Umowa z Eko–Oknami, plany wejścia na rynek kędzierzyński
PKS w Raciborzu zakończył 2018 rok stratą w wysokości 301 tys. zł. Po pierwszym kwartale tego roku spółka wypracowała 100 tys. zł zysku. To efekt współpracy z Eko–Oknami w zakresie dowozu pracowników oraz wsparcia finansowego ze strony gmin powiatu raciborskiego, które zdecydowały się dotować nierentowne kursy na swoim terenie. Sposobem na zwiększenie przychodów ma być również wejście na rynek w województwie opolskim, gdzie działalność przewozową zakończyła firma Arriva.

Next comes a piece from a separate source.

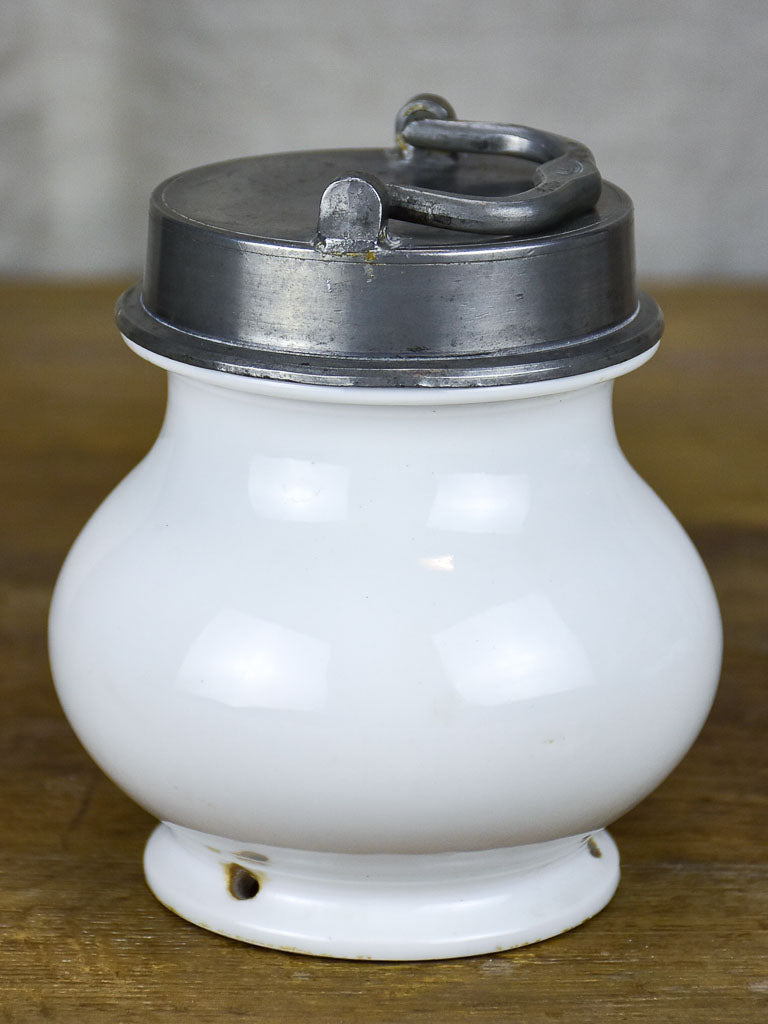 Antique French pot à bouillion - soup carrier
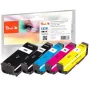 Peach 319803 Συμβατό πολυπακέτο μελανιού για Epson 33XL (T3357), συσκευασία 5 τεμ.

– Przejęcie rynku po Arrivie nie może się odbyć na zasadach komercyjnych, bo ten rynek był nierentowny. W tej chwili powiat kędzierzyńsko–kozielski rozpoczął działania na rzecz organizacji transportu, na takich samych zasadach jak w powiecie raciborskim oraz wodzisławskim. Wszystko zależy od współpracy powiatu z gminami. Pomiędzy starostą a włodarzami gmin kozielskich trwają intensywne negocjacje, niestety nie zapadły jeszcze konkretne decyzje. W ciągu sześciu tygodni muszą zdecydować, w którym kierunku pójdą. Uczestniczymy w tych spotkaniach wspólnie z firmą GTV, bo nie bylibyśmy w stanie sami obsłużyć tego rynku. Jeżeli uda się dokończyć wszystkie negocjacje, to myślę, że wspólnymi siłami będziemy w stanie ten rynek ogarnąć – mówi Damian Knura, prezes PKS w Raciborzu.